Charles Duchaine lors de l’inauguration de l’Agence française anticorruption, le 23 mars 2017, à Paris. | Francois Mori/ POOL /REUTERS

« Le juge Duchaine », comme l’appellent certains, s’est fait connaître en mettant en examen le sénateur PS Jean-Noël Guérini dans l’affaire des marchés truqués des Bouches-du-Rhône et en s’attelant à la première enquête pour blanchiment d’argent sur le Rocher monégasque. Des dossiers qu’il a menés à terme, malgré les tentatives d’intimidation et les menaces qui lui ont valu, pendant deux ans, d’être protégé par des gardes du corps. « Quand on exerce ce métier avec un peu de détermination et d’engagement, on se fait des ennemis. Aussi bien dans la maison qu’à l’extérieur, d’ailleurs », concède-t-il.
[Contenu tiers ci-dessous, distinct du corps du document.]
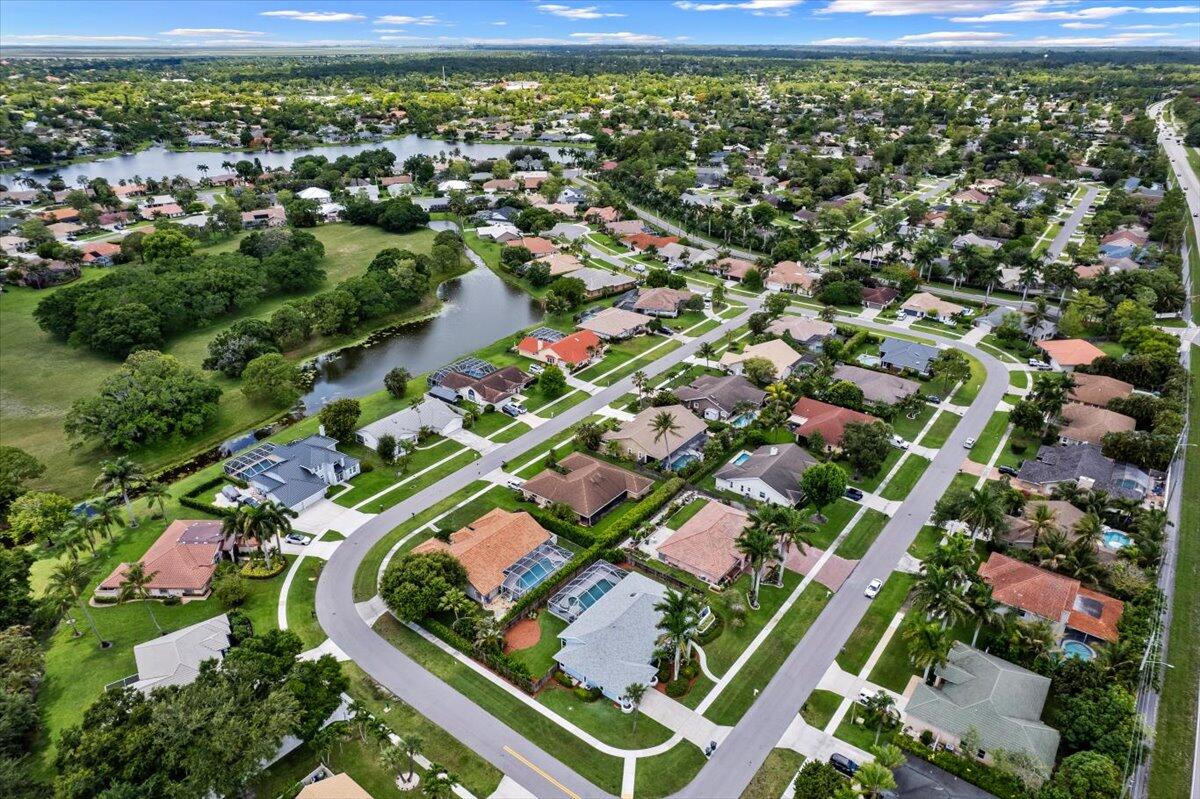 GREENVIEW SHORES 2 OF WELLINGTON - Residential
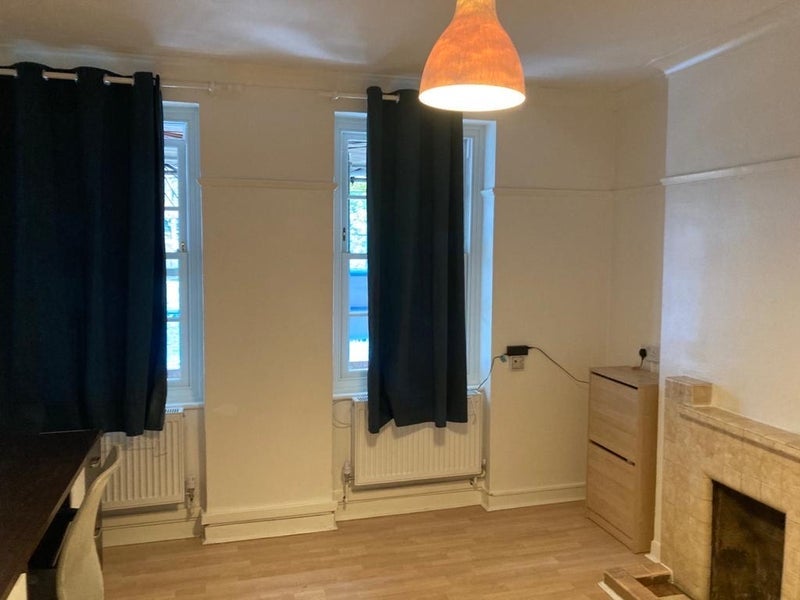 Room Portpool Lane in Greater London
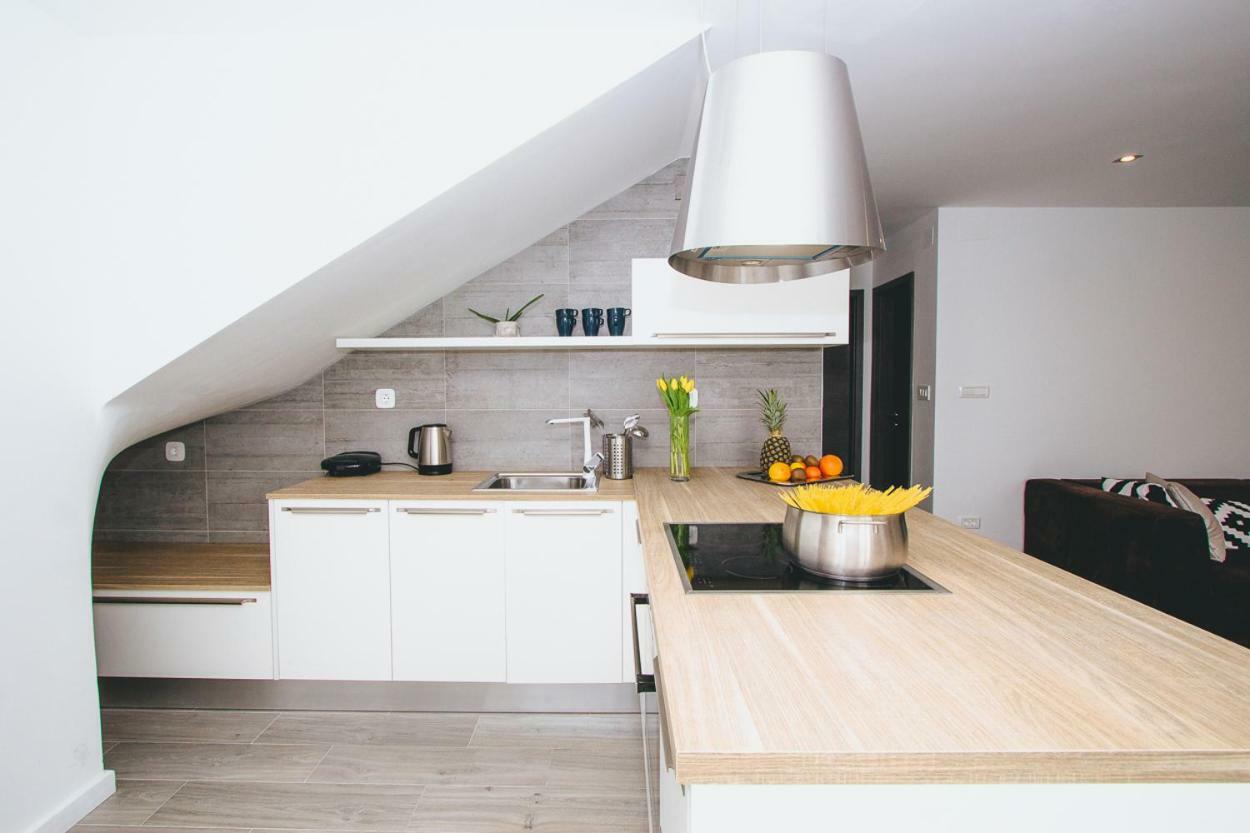 Sustina Apartment ตรีบูนย์ ภายนอก รูปภาพ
En 2014, il a pris la tête de l’Agence de gestion et de recouvrement des avoirs saisis et confisqués (Agrasc), aussi appelée « banque du milieu ». La gestion de cet argent sous forme de comptes bancaires, d’argent liquide, de biens immobiliers ou mobiliers a rapporté à l’État « 28 millions net toutes charges déduites » en 2016, se félicite-t-il. Désormais directeur de l’AFA, il a promis de se mettre au service de l’anticorruption pour les six prochaines années. Ce 23 mars, il souhaitait voir dans cette inauguration, et malgré l’incertitude de la prochaine élection présidentielle, « un commencement de quelque chose qui a des conséquences durables ».